The task: Two lines mark the range in the entries below: the one holding "Modern TOPKULL Bifold" and the one holding "APLB GLUTATHIONE NIACINAMIDE". Set down those two and all lines between them, exactly.

--------------------

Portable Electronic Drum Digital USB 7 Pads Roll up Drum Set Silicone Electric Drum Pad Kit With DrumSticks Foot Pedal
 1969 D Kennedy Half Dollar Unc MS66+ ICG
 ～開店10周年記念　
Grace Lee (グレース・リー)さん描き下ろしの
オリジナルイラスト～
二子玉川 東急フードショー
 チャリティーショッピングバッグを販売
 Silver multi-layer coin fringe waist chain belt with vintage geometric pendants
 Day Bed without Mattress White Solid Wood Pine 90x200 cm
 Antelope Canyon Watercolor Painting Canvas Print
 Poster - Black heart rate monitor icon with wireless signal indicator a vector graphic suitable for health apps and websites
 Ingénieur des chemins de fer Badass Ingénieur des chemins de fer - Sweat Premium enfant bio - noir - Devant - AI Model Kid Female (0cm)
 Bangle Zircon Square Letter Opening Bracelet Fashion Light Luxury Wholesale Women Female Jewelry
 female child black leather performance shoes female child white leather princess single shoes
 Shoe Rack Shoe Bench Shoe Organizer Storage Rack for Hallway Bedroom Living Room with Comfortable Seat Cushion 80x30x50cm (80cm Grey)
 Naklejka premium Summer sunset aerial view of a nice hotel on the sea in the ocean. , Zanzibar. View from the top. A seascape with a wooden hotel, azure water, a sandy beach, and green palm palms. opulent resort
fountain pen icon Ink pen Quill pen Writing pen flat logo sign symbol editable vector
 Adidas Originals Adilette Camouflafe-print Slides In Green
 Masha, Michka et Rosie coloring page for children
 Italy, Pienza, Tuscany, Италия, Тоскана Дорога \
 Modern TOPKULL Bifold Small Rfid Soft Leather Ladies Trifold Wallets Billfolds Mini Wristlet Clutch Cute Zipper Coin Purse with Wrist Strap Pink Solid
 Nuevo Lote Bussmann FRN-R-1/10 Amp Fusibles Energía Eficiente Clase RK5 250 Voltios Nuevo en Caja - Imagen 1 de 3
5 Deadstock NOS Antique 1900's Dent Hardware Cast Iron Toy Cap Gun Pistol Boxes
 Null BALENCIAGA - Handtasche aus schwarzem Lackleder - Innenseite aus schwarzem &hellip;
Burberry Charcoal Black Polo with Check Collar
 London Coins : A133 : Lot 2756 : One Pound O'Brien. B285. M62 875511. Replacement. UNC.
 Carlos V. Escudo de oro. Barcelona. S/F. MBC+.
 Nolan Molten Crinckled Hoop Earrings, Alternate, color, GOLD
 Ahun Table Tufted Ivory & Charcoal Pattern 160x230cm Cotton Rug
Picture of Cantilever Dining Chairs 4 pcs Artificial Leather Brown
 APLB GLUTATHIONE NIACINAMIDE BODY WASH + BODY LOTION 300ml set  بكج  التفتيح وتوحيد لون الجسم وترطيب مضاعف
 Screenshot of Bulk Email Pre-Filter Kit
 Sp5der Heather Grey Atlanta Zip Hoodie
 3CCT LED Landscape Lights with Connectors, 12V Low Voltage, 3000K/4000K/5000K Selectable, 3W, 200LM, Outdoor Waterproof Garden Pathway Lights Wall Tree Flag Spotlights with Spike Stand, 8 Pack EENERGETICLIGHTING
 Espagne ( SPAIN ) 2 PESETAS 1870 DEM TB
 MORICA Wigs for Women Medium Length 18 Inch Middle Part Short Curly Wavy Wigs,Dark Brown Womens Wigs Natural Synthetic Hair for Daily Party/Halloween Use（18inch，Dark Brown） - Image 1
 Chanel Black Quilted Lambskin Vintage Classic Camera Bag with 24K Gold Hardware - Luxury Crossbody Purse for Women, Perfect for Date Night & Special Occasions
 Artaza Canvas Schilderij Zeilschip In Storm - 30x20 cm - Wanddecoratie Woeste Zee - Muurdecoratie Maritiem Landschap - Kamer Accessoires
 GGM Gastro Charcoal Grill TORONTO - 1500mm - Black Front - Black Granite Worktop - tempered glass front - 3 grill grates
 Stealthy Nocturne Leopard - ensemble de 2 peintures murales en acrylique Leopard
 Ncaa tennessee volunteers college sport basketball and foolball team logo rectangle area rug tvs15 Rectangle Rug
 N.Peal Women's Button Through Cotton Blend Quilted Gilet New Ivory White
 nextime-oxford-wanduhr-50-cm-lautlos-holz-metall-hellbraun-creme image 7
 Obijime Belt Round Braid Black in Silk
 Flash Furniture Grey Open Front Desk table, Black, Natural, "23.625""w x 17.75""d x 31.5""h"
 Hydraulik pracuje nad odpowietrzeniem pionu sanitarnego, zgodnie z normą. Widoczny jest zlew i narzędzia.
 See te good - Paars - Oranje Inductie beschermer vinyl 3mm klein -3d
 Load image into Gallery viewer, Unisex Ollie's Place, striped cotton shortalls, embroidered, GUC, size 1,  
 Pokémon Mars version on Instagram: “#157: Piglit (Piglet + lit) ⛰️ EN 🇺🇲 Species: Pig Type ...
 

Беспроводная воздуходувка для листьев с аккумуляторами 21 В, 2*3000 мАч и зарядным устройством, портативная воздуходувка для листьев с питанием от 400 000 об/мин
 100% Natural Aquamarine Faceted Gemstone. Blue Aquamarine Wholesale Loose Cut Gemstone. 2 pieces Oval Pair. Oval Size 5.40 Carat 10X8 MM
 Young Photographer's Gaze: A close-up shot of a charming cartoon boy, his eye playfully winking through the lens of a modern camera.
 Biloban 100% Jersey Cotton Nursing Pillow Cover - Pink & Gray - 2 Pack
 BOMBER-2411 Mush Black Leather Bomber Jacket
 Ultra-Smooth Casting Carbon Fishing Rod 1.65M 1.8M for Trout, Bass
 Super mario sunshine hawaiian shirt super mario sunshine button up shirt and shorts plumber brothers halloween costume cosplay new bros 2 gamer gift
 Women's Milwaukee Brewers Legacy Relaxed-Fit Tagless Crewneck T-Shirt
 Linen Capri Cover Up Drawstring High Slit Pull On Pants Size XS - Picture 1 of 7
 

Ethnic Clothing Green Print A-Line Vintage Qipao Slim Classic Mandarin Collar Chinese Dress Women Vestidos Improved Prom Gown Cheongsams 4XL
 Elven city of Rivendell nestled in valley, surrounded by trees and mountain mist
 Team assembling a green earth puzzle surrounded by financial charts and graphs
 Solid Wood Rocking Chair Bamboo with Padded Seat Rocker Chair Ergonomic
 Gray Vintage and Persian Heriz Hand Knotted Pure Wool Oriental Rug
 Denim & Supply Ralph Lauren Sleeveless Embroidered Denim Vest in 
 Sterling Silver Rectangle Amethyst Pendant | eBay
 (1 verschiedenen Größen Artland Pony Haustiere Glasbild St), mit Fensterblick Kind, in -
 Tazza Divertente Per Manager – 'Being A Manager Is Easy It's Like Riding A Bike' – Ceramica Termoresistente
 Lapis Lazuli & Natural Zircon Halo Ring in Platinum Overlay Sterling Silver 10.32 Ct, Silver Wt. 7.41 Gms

--------------------

Result of the exercise:
 Modern TOPKULL Bifold Small Rfid Soft Leather Ladies Trifold Wallets Billfolds Mini Wristlet Clutch Cute Zipper Coin Purse with Wrist Strap Pink Solid
 Nuevo Lote Bussmann FRN-R-1/10 Amp Fusibles Energía Eficiente Clase RK5 250 Voltios Nuevo en Caja - Imagen 1 de 3
5 Deadstock NOS Antique 1900's Dent Hardware Cast Iron Toy Cap Gun Pistol Boxes
 Null BALENCIAGA - Handtasche aus schwarzem Lackleder - Innenseite aus schwarzem &hellip;
Burberry Charcoal Black Polo with Check Collar
 London Coins : A133 : Lot 2756 : One Pound O'Brien. B285. M62 875511. Replacement. UNC.
 Carlos V. Escudo de oro. Barcelona. S/F. MBC+.
 Nolan Molten Crinckled Hoop Earrings, Alternate, color, GOLD
 Ahun Table Tufted Ivory & Charcoal Pattern 160x230cm Cotton Rug
Picture of Cantilever Dining Chairs 4 pcs Artificial Leather Brown
 APLB GLUTATHIONE NIACINAMIDE BODY WASH + BODY LOTION 300ml set  بكج  التفتيح وتوحيد لون الجسم وترطيب مضاعف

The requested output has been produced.